Why choose Fundamentals of Quantitative Text Analysis for Social Scientists by Lily Mehrbod, SAGE Campus Development Editor.

Have you ever needed to analyse hundreds of documents, spent days going through only a fraction of them, and then thrown your pencil up in despair as you scream “there must be a better way!” If so, quantitative text analysis may be for you. It allows you to treat large amounts of text as data, and trawl through vast quantities of literature with computers at a scale that would be unimaginable were it done by humans alone. 

Our Fundamentals of Quantitative Text Analysis course will give you the tools and theoretical basis you need to start processing large amounts of text for your own research project. 

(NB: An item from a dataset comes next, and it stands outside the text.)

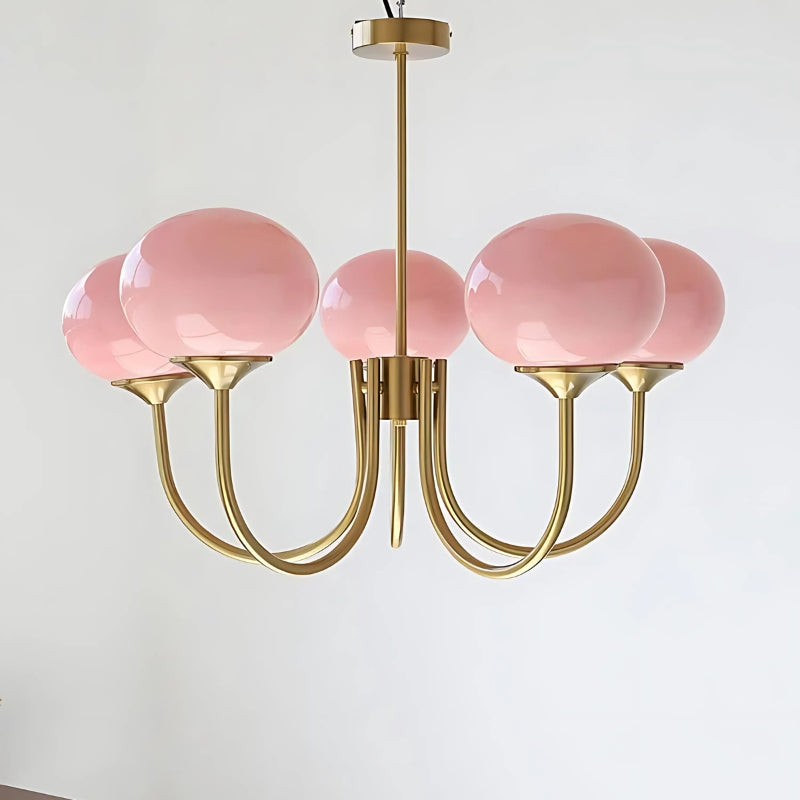 Modern Living Room Chandelier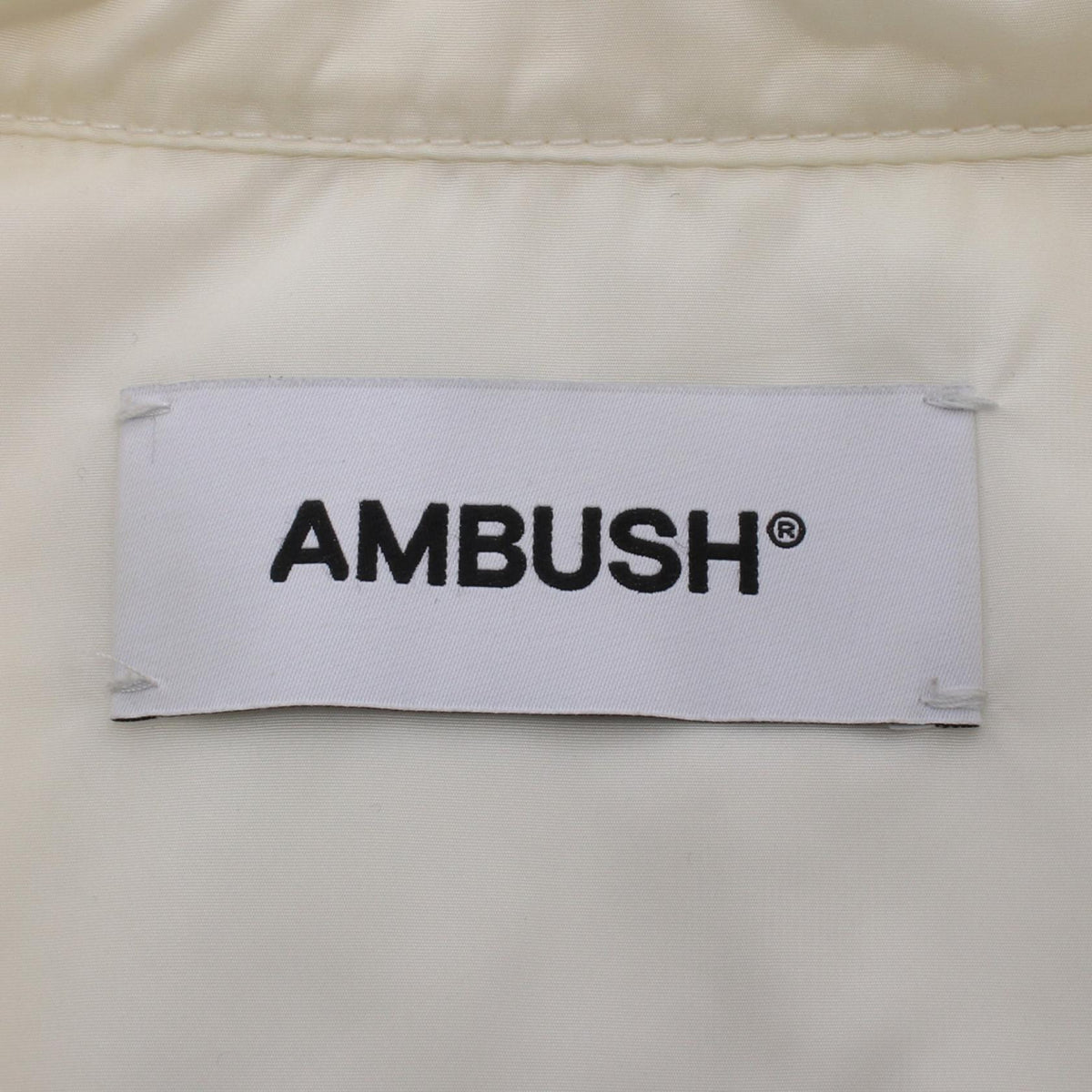 アンブッシュ LS POCKET SHIRT シャツ その他ジャケット ホワイト系 アウター AMBUSH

Professor Jon Slapin, a political scientist at the University of Essex will show you how to easily extract meaningful data and insights from your documents. The course uses the quanteda R package, developed by Ken Benoit at the London School of Economics, and each page of the course features a video which takes you step by step through the all the code being used, guiding you through every stage of the process. 

Tailored particularly to the work of social scientists, and incorporating social science examples throughout, by the end of the course you’ll be able to answer such questions as:

  • How do I find out how often a word appears in a text, or a set of texts?

  • Was President Trump’s inaugural speech easier to understand for the average American than President Obama’s?

  • How can I identify nebulous concepts such as positivity or negativity from a vast range of texts?

  • Are some words more left-wing or right-wing than others?

  • How can I ensure context is not lost when running code on my texts?

The course is designed to be able to fit in around you other commitments and is divided into four modules:

In Module 1 you’ll cover:

  • Introduction explaining course purpose: goals and objectives

  • Conceptual foundations of text analysis

  • Quantitative text analysis as a field and the development of the field

  • Logistics and software - required setup and work files

  • A basic example of performing a text analysis

In Module 2 you’ll cover:

  • Where to obtain textual data

  • Formatting and working with text files

  • Practical considerations of indexing and metadata

  • Units of analysis: strategies for selecting units of analysis

  • Overview and examination of complexity and readability measures

In Module 3 you'll cover:

  • Keywords in context Coverage and examples of KWIC

  • Consideration of concordance and dictionaries

  • Detecting and identifying collocations

  • Stemming: An in-depth discussion of text types, tokens, and equivalencies

  • Stop words and feature weighting: An in-depth discussion of text types, tokens, and equivalencies

In Module 4 you’ll cover:

  • Euclidean distance and its use in comparing texts

  • Cosine similarity and its use in comparing texts

  • General principles and rationale for dictionaries

  • External dictionaries: How to add a third party dictionary

  • How to create your own dictionary

  • Overview of wordscores

  • Implementing in R a basic model